MATERIAL TO PROCESS START

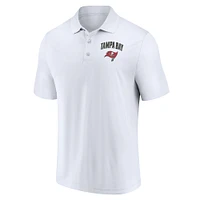 Polo blanc Push Back des Buccaneers de Tampa Bay Fanatics pour hommes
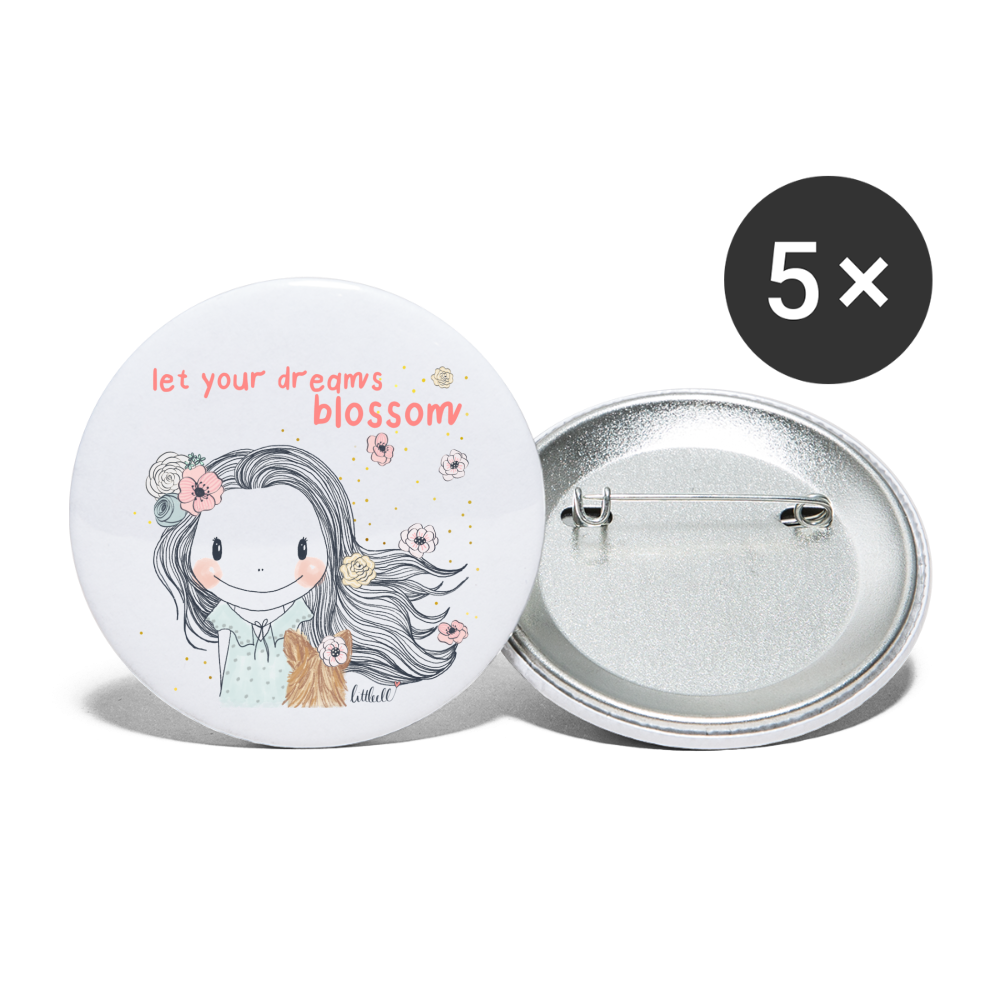 Let Your Dreams Blossom - Buttons groß 56 mm (5er Pack) - weiß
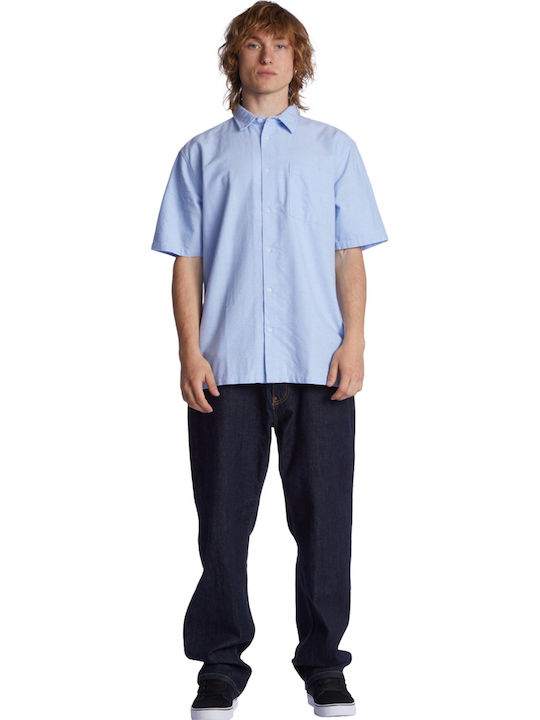 Boxed Ox Short-sleeved Cotton Shirt Celestial Blue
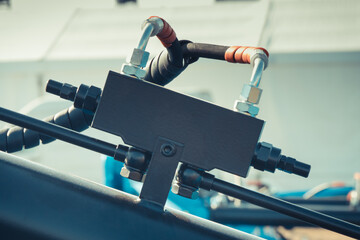 Hydraulic or pneumatic mechanism in industrial machine. Technology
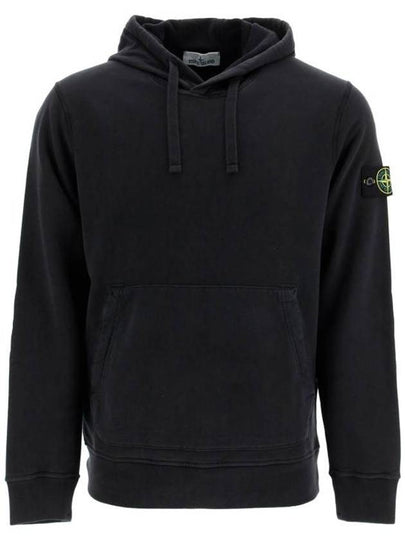 Logo Patch Cotton Fleece Hoodie Black - STONE ISLAND - BALAAN 2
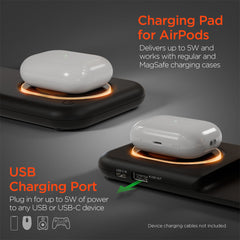 4-in-1 Foldable Wireless Charging Station with 15W Fast Charging – Wireless Charger Stand for iPhone, Apple Watch, AirPods & USB Devices – Portable Travel Charging Dock with LED Lights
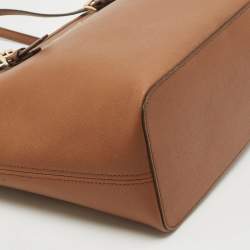 Michael Kors Brown Leather Large Jet Set Top Zip Tote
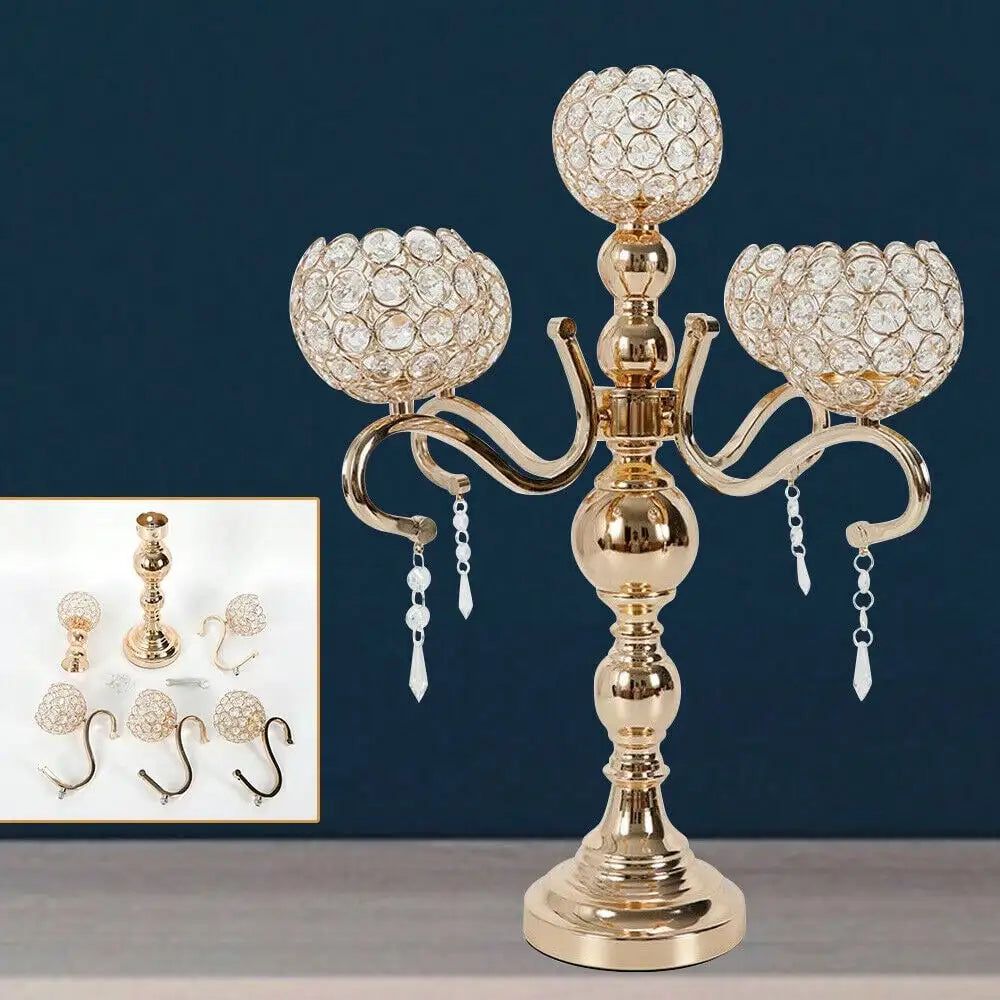 Crystal Five Arm Tabletop Candelabra For Weddings And Home Decor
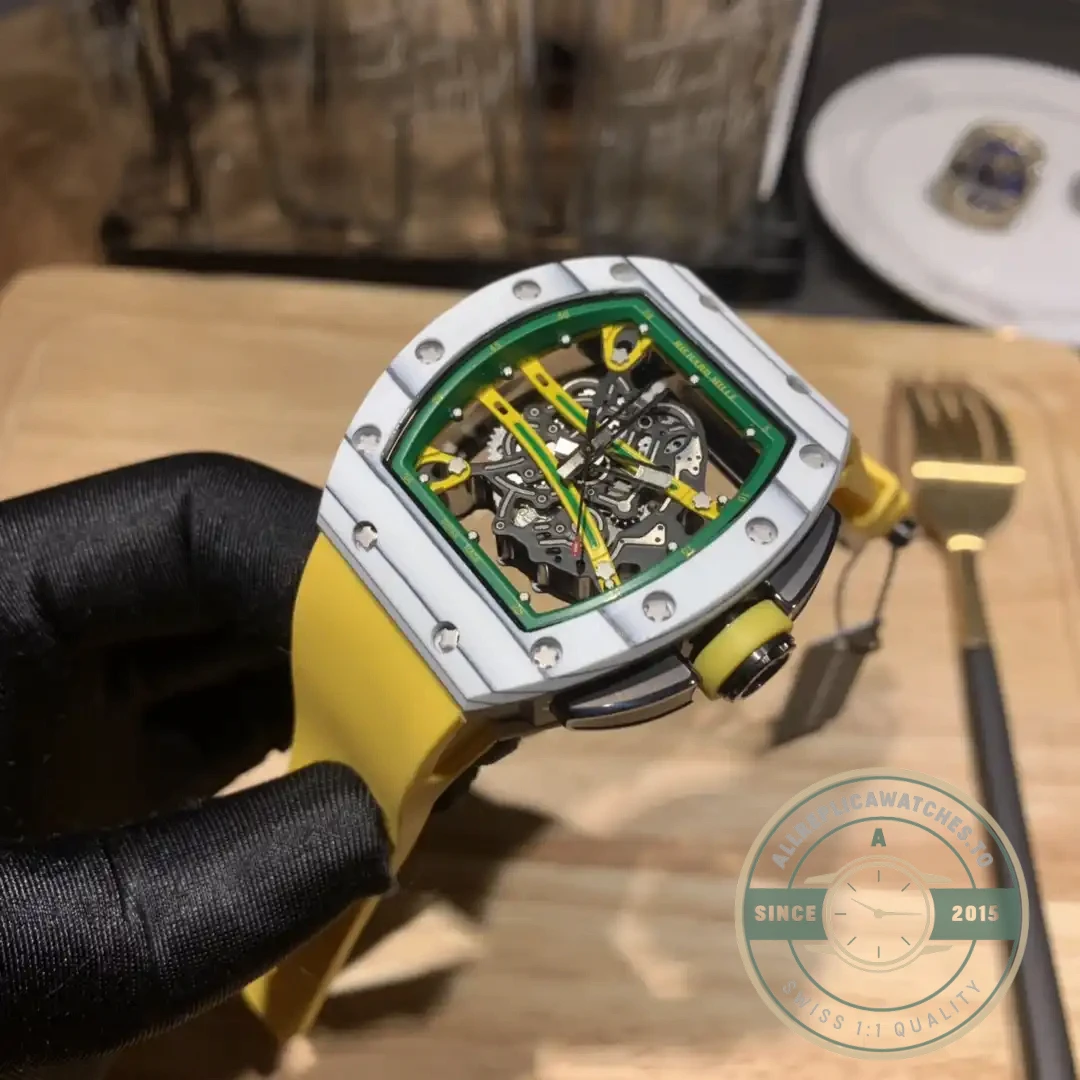 Replica Richard Mille 61-01 Yohan Blake Gray Yellow Strap - Best Quality Replica Watch
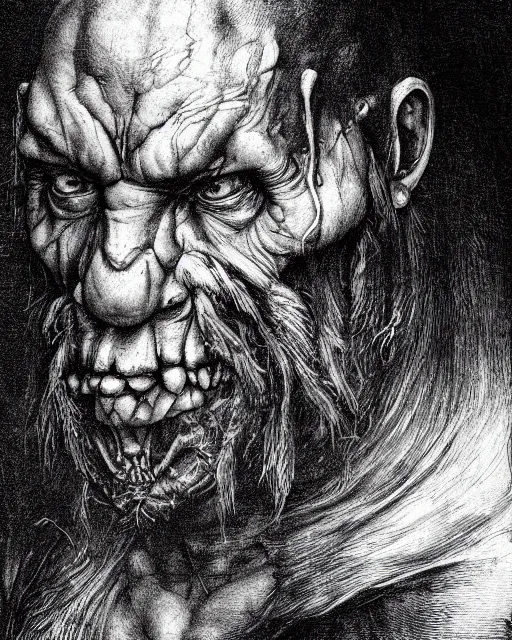 Image similar to orc, hyper realism, fine details, deviantart artstation, extremely detailed, black and white, very sharp, in the style of albrecht durer, etching,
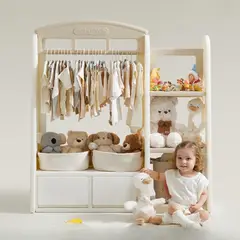 GENERICO - Armario montessori con almacenamiento infantil beige hasta 20 kilos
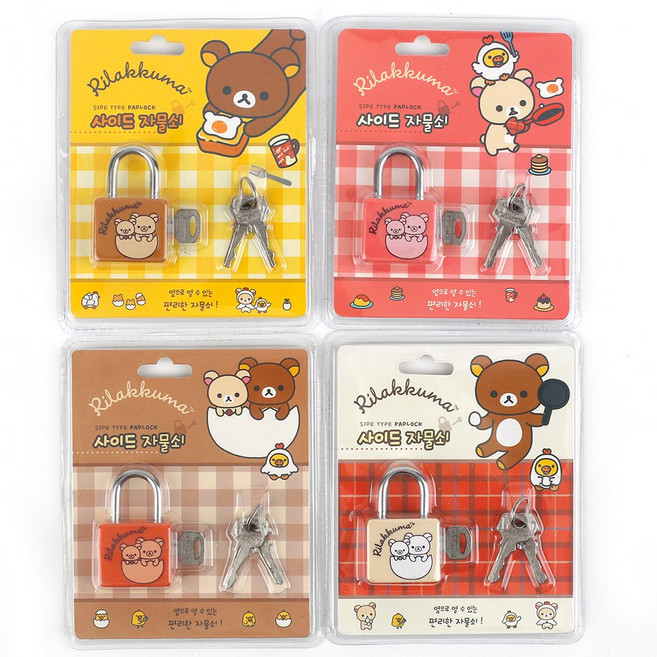 리락쿠마_사이드자물쇠_열쇠자물쇠_사물함자물쇠_캐릭터자물쇠_사물함열쇠, 1개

MATERIAL TO PROCESS END

When you copy the listing, keep every line exactly as it is but leave out all images.

THE ANSWER:
 Polo blanc Push Back des Buccaneers de Tampa Bay Fanatics pour hommes
 Let Your Dreams Blossom - Buttons groß 56 mm (5er Pack) - weiß
 Boxed Ox Short-sleeved Cotton Shirt Celestial Blue
 Hydraulic or pneumatic mechanism in industrial machine. Technology
 Logo Patch Cotton Fleece Hoodie Black - STONE ISLAND - BALAAN 2
 4-in-1 Foldable Wireless Charging Station with 15W Fast Charging – Wireless Charger Stand for iPhone, Apple Watch, AirPods & USB Devices – Portable Travel Charging Dock with LED Lights
 Michael Kors Brown Leather Large Jet Set Top Zip Tote
 Crystal Five Arm Tabletop Candelabra For Weddings And Home Decor
 Replica Richard Mille 61-01 Yohan Blake Gray Yellow Strap - Best Quality Replica Watch
 Image similar to orc, hyper realism, fine details, deviantart artstation, extremely detailed, black and white, very sharp, in the style of albrecht durer, etching,
 GENERICO - Armario montessori con almacenamiento infantil beige hasta 20 kilos
 리락쿠마_사이드자물쇠_열쇠자물쇠_사물함자물쇠_캐릭터자물쇠_사물함열쇠, 1개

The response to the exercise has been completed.